# Problem to work on
Reprint each record exactly. Pictures are not reprinted.

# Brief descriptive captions
•••
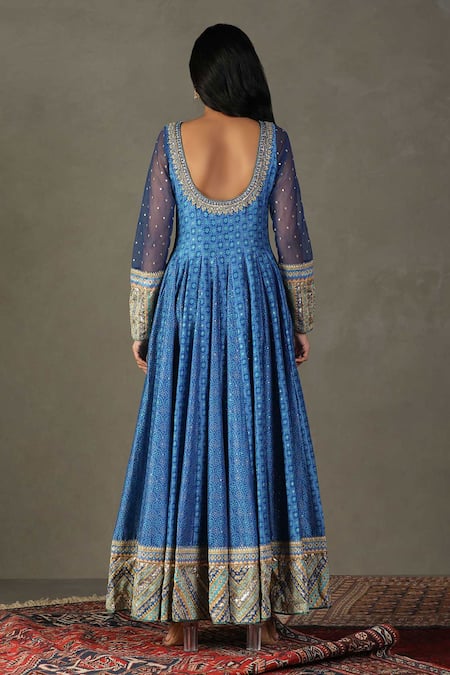 Shop RI.Ritu Kumar Blue Anarkali Shell - 15% Silk 85% Cotton Print Bandhani Scoop Churidar Set at Aza Fashions Shop_RI.Ritu Kumar_Blue Anarkali Shell - 15% Silk 85% Cotton Print Bandhani Scoop Churidar Set _at_Aza_Fashions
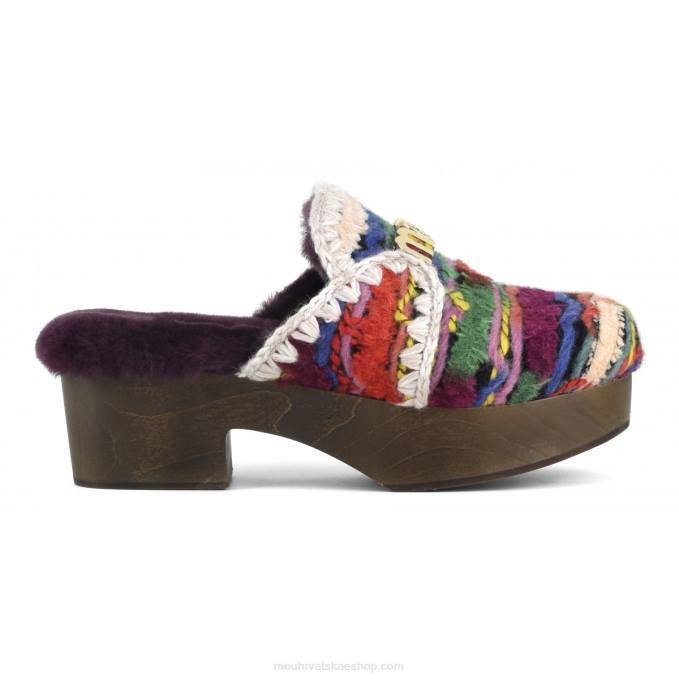 etnička vuna višebojna Mou žene chunky wood heel klompiti Z46H533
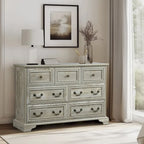 Commode à 7 tiroirs en chêne ancien, style campagnard, à usage unique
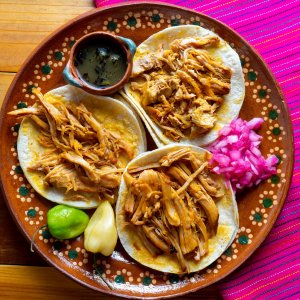 Typical Cochinita Pibil Tacos Dish in Yucatan.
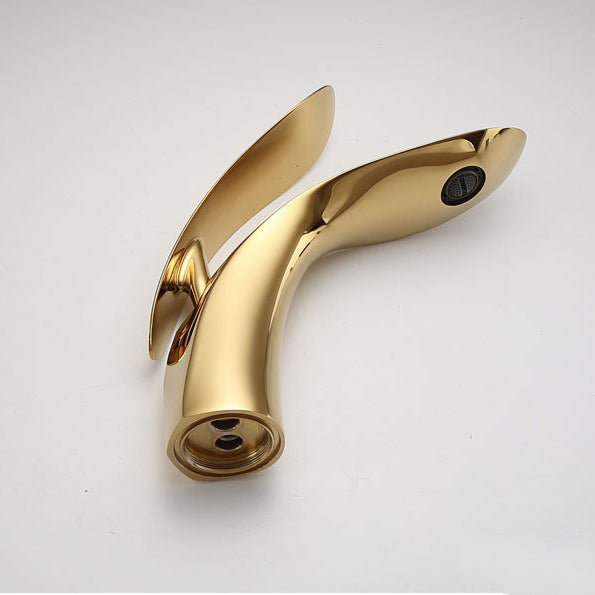 Avtoit | Brass 1-Hole Basin Faucet Lever Handle Sink Faucet Round Modern Faucet for Bathroom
•••
# Task answer
 Shop RI.Ritu Kumar Blue Anarkali Shell - 15% Silk 85% Cotton Print Bandhani Scoop Churidar Set at Aza Fashions Shop_RI.Ritu Kumar_Blue Anarkali Shell - 15% Silk 85% Cotton Print Bandhani Scoop Churidar Set _at_Aza_Fashions
 etnička vuna višebojna Mou žene chunky wood heel klompiti Z46H533
 Commode à 7 tiroirs en chêne ancien, style campagnard, à usage unique
 Typical Cochinita Pibil Tacos Dish in Yucatan.
 Avtoit | Brass 1-Hole Basin Faucet Lever Handle Sink Faucet Round Modern Faucet for Bathroom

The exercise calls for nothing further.